De golpe llegan a tu vida dos personitas nuevas para iluminar la familia. Y ver a tus hermanos tan orgullosos y felices hace que esa alegría se contagie. Era tía. Pero en realidad era algo que iba mucho más allá del título que estrenaba por esos días. Caer en la cuenta de que esos pequeños eran la confirmación de que habíamos dejado de ser chicos, porque llegaba una nueva generación. Ya somos grandes. Y ver a esos chiquitos como prolongaciones de ellos y a la vez como unos seres totalmente distintos es un golpe fuerte.

Y ahora a lo que voy. 

Muchos me vienen diciendo que ahora solo falto yo. ¿Para qué falto yo? ¿Para procrear? Honestamente, a veces creo que no voy a tener hijos. No me veo como madre, ni remotamente y no quiero ver cómo mis hijos crecen y me juzgan por lo mal que lo hice como mamá. Otras veces, sin embargo, llego a la simple conclusión de que todos mis planes son incompatibles con la maternidad. Me gustan los niños, quizás porque de chica cuando leí uno de mis libros preferidos ("El Principito"), me di cuenta de que no quería crecer y perder mi espíritu. Pero lo mío está lejos del instinto maternal. Pude discernir de esa sensación para darme cuenta de que me gusta jugar con ellos, sabiendo que siempre podrán retornar con su madre. Mis sobrinos son lo mejor que hay. 

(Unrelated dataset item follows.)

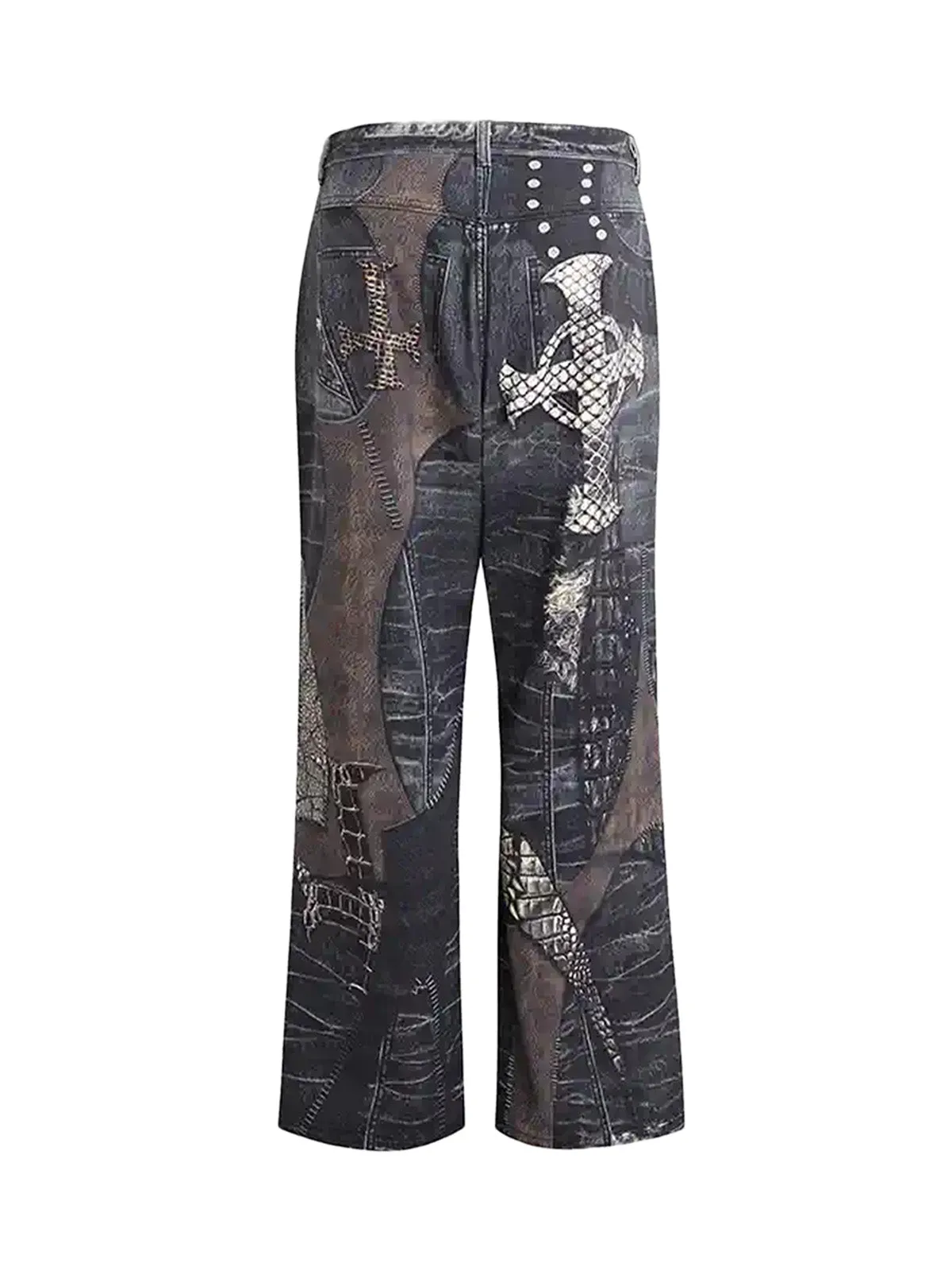 Thesupermade Full Cross Stitching Leather Flare Jeans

Mis hermanos le han dado a mis papás la alegría de ser abuelos con nueve meses de diferencia, y a mí me dieron la dicha de poder disfrutar de ellos sin la necesidad de formalizar nada. Ser tía es la fórmula perfecta para correr por todos lados, malcriar y jugar hasta el cansancio y poder retornar a casa, donde no hay juguetes ni bebés llorando en la madrugada, ni pequeños demandándome tiempo. 

Por otro lado, soy pésima para dejar que la gente dependa de mí, de mis horarios, de mis actividades y de mi tiempo. Todavía me cuesta ser consciente de que en casa hay alguien esperando por mí (mamá) e inclusive se me hace extraño saber que Greta, una mestiza caniche y maltés, depende de mi persona para alimentarse, bañarse, jugar a la pelota y hasta dormir conmigo cuando hace frío. Soy muy estructurada en muchas cosas, pero no precisamente con mis tiempos. Inconscientemente, le veo divertido al hecho de improvisar sobre la marcha.

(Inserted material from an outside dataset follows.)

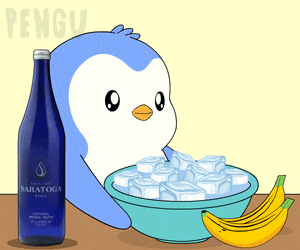 a penguin drinking ice from a bowl next to a bottle of saratoga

Amo ser tía. ¿Cómo no adorarlos cuando te sonríen y te brindan amor sin conocerte siquiera? Y lo mejor es que cuando la fiesta termine, después de reír y disfrutar de sus alegrías y pataleos, siempre podré volver a a mi casa para disfrutar del silencio y la calma de la no maternidad.



Desde que supe de la existencia de mi primer sobrino, supe que su recuerdo acapararía mi mente a cada hora. Y ahora que tengo dos, el atardecer se hace más intenso cuando acomodo el escritorio de la oficina contando los minutos para verlos. Y estoy segura que en un futuro no tan lejano odiarán, como yo en una época de mi vida, tener que escuchar "Yo a tu edad..." para argumentar cualquier negación o desacuerdo. También sé que no van a ser indiferentes a la sugerencia, aunque no tengan ni la más remota idea de lo que los "grandes" queremos decir con esa frase.

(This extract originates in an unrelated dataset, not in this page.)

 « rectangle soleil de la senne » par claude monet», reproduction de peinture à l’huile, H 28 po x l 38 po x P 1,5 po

A lo mejor no podré llevarles a Disneylandia ni regalarles un castillo de juguetes. Solamente fortaleceré mi espíritu para acompañarles donde sea que vayan, darles la mano cuando la necesiten y cuando no, festejar sus alegrías, escuchar sus penas y desamores. Prometo ayudarles a comprender y a digerir las frustraciones, enseñarles a amar a los animales, a celebrar la vida y a festejar los cumpleaños.



Queda claro que el amor de larga duración es más probable que el eterno. Pero que uno siempre termina sorprendiéndose de lo mucho que un ser tan chiquito puede generar en una persona. Quisiera ser quien por primera vez les acompañe a leer las primeras páginas de "El Principito", para que sepan descubrir la esencia de la niñez y que puedan domesticar a los adultos y enseñarnos el gran sentido de la vida.

No sé si seré una tía ejemplar. No podré caminar a lado de ellos todo el tiempo, para eso están los padres. Lo único que puedo hacer es seguirlos de cerca, para actuar de soporte si alguna vez faltasen manos para levantarlos. Acompañarlos, solo para que sepan que alguna vez también los adultos fuimos y sentimos como ellos. Y ayudarlos para que nunca me olvide que alguna vez también fui niña.